CryptoLocker has gone down in history the ransom Trojan that introduced the world to the era of mass extortion attacks during 2013 but it is the copycat CryptoWall that has earned the more fearsome reputation. At least four revisions have appeared since its debut sometime in early 2014, not long after CryptoLocker's demise, with the 3.0 version that has been around since early 2015 still the example victims, including many businesses, are most likely to encounter.
The scale and continued success of CryptoWall takes some explaining. There have been several assessments of just how successful, including one from Dell SecureWorks that estimated infection numbers at 625,000 in the first six months after its discovery. By October the numbers had spiked towards the magic one million figure with many victims handing over several thousand dollars a time. Around the same time, security firm PhishMe uncovered Bitcoin wallets used by criminals controlling CryptoWall containing currency worth hundreds of thousands of dollars.

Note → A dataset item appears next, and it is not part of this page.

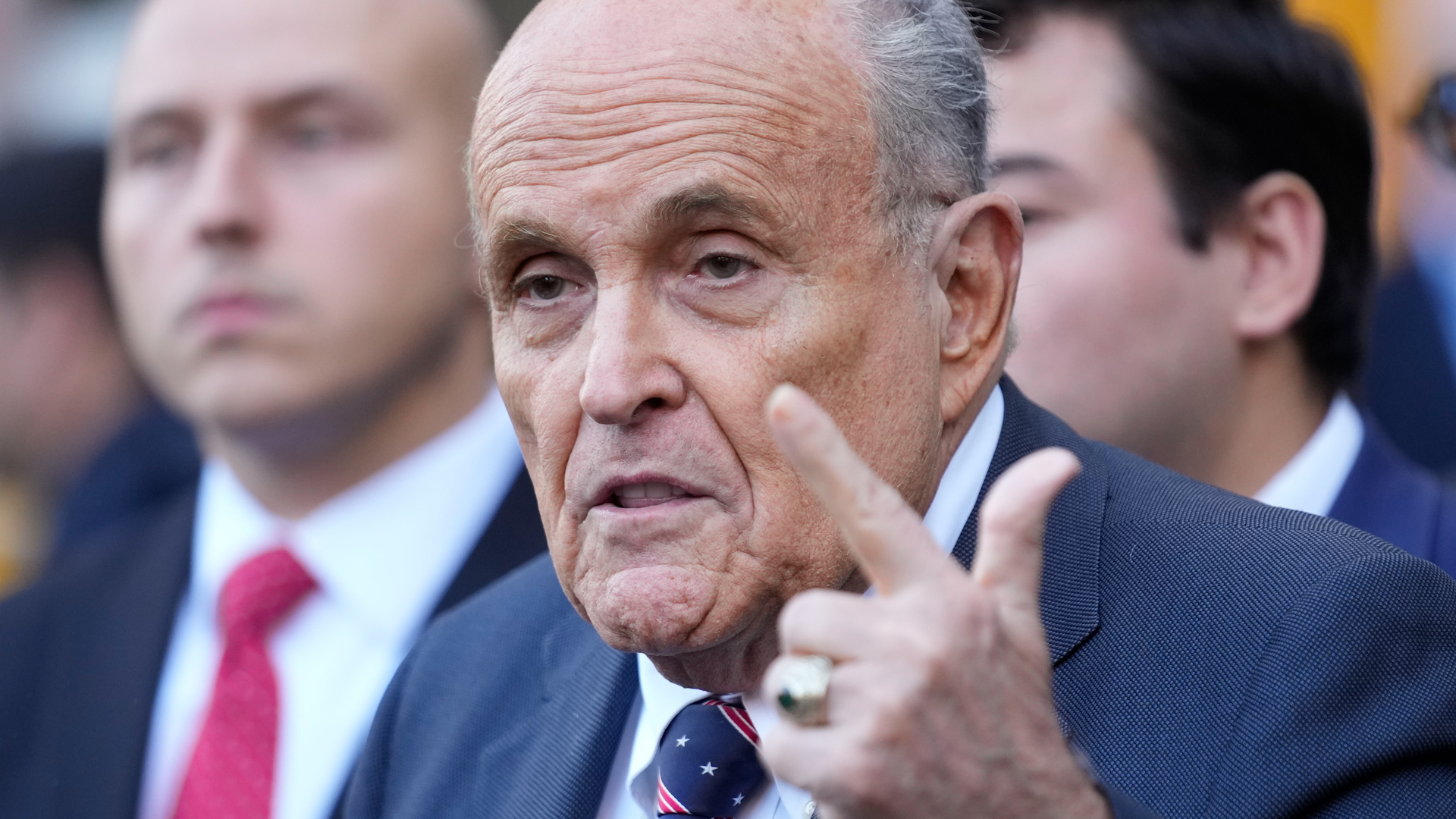 After not complying with a judge's ruling, Rudy Giuliani called his 5 million defamation judgment a "political vendetta."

In November 2015, the Cyber Threat Alliance (CTA), an organisation counting Symantec, Fortinet, Zscaler, Intel Security and Palo Alto among its members, put the total damage done by CryptoWall 3.0 at a headache-inducing $325 million. Astonishingly, the world barely blinked at the scale of this estimate.
Whatever CryptoWall was up to it was finding victims willing to pay its ransom demands pretty easily. Nobody seems to care that this single piece of malware on its own has turned into one of the most successful pieces of organised crimeware in history.
A brand new analysis by Imperva has shed more light on CryptoWall 3.0, and it doesn't make pleasant reading for businesses that assume security firms or the police might at long last be getting on top of this threat.
A typical attack will demand Bitcoins and direct its C2 (command and control) over the Tor network, and send victims to darknet websites to decrypt scrambled files once a key has been bought. It's a design that allows the criminal to vary the sum demanded by geographical location, at least $700 for US users.
So far, so much what might be expected but then Imperva discovered something interesting - the criminals appeared to be hiding a small selection of back-end Bitcoin wallets behind a much larger population of front-end wallets across different campaigns. The company found that perhaps 670 victims had paid the equivalent of $337,607 (£190,000) into wallets that are a small subset of the true number.
The conclusion is that CryptoWall is hugely successful. Even if its conversion rate is small (that is the proportion of victims against infected machines) there are still more than enough to support a major business.